== WHAT THIS TASK INVOLVES ==
Could you repeat all of the entries word for word, minus any pictures?

== ENTRIES SHOWN ==
=====
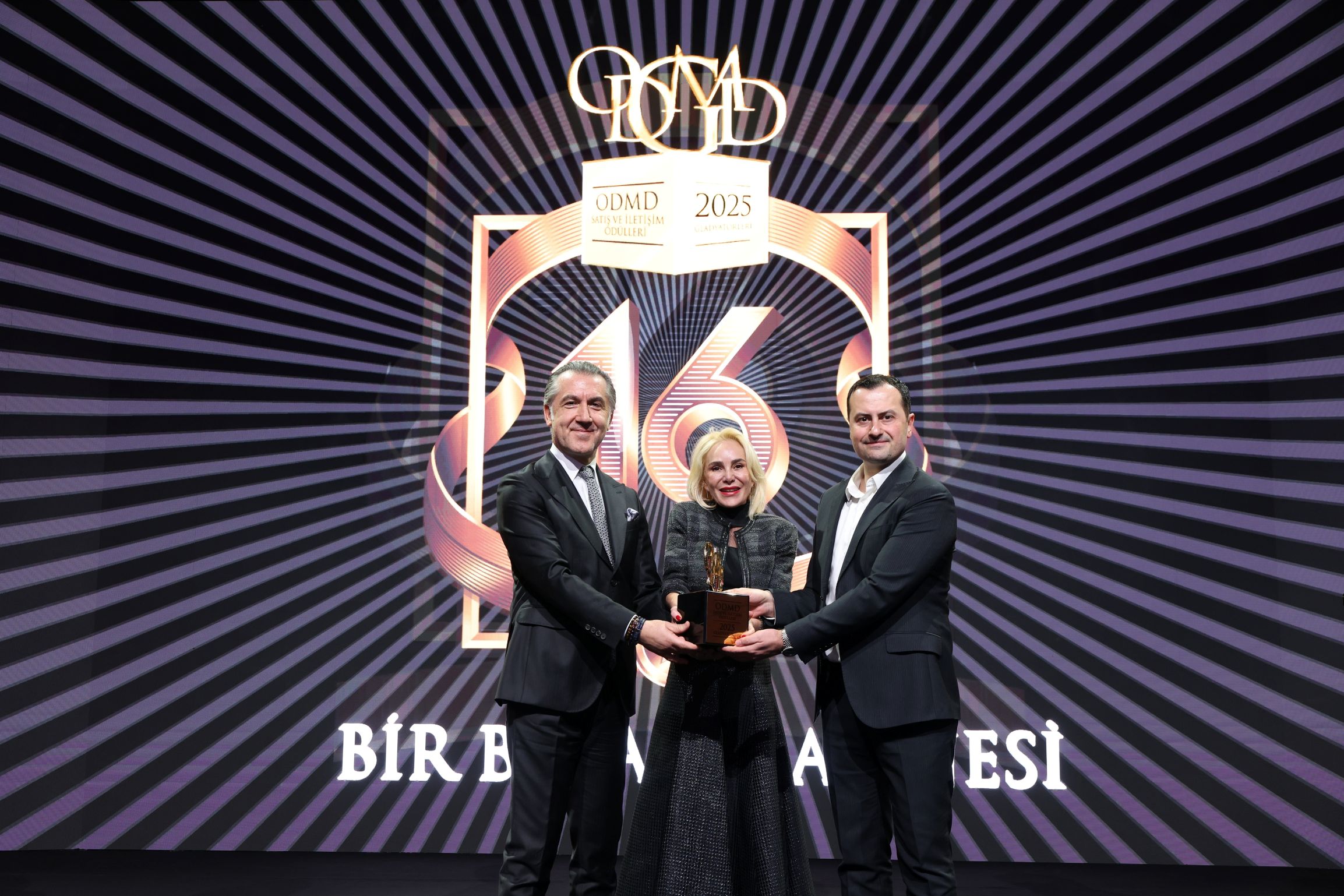 Mercedes-Benz Türk’ten Döngüsel Üretime Güçlü Bir Adım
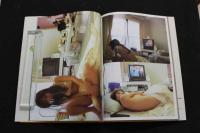 ６　2  星野志穂写真集　MYSELF＆MYPRIVATE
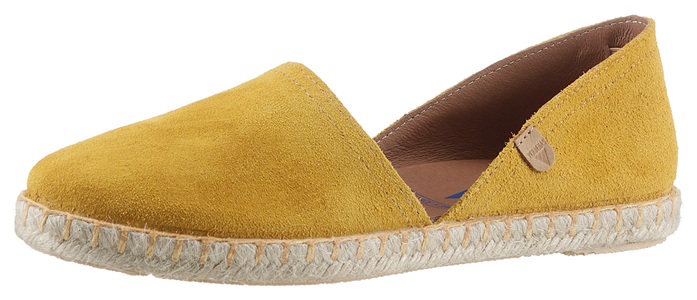 VERBENAS Espadrille
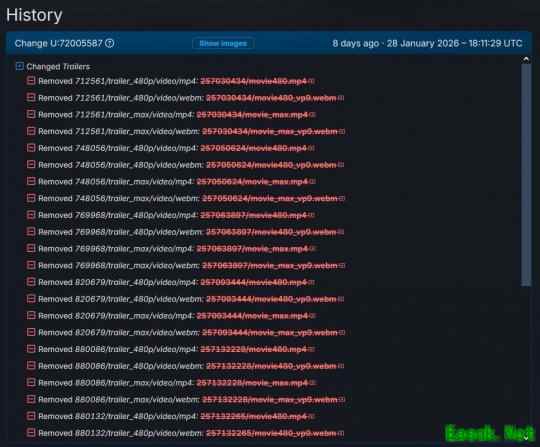 《明末：渊虚之羽》后台进行了大量更新 进入新阶段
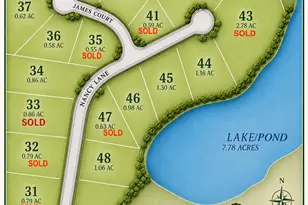 Lot 36 James Ct, La Porte, IN 46350 - Photo 1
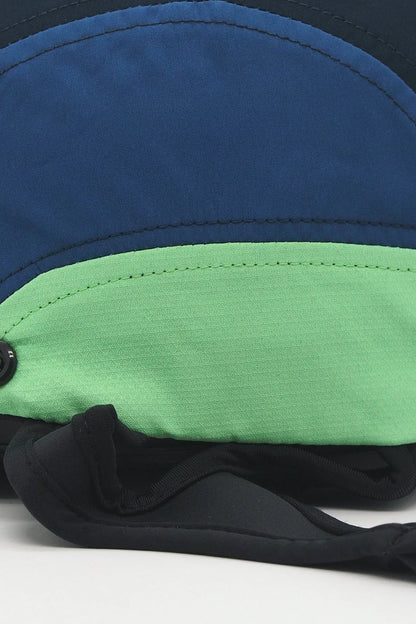 Blue Tongue Blizzard Legionnaire Surf Hat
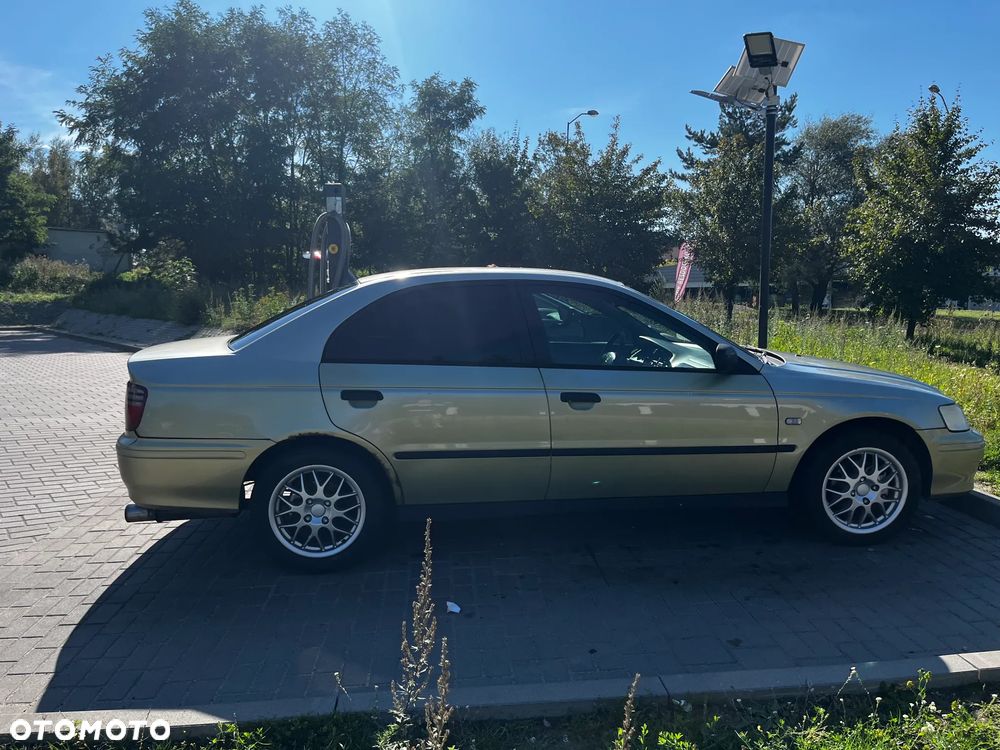 Honda Accord 1.8i S - 33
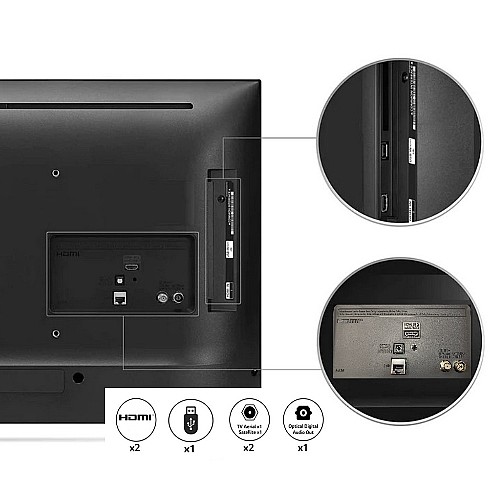 ��� �������� LG HD ����� 32 ���� ���� ��� 32LQ630B6LB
=====
== SOLUTION TO THIS EXERCISE ==
 Mercedes-Benz Türk’ten Döngüsel Üretime Güçlü Bir Adım
 ６　2  星野志穂写真集　MYSELF＆MYPRIVATE
 VERBENAS Espadrille
 《明末：渊虚之羽》后台进行了大量更新 进入新阶段
 Lot 36 James Ct, La Porte, IN 46350 - Photo 1
 Blue Tongue Blizzard Legionnaire Surf Hat
 Honda Accord 1.8i S - 33
 ��� �������� LG HD ����� 32 ���� ���� ��� 32LQ630B6LB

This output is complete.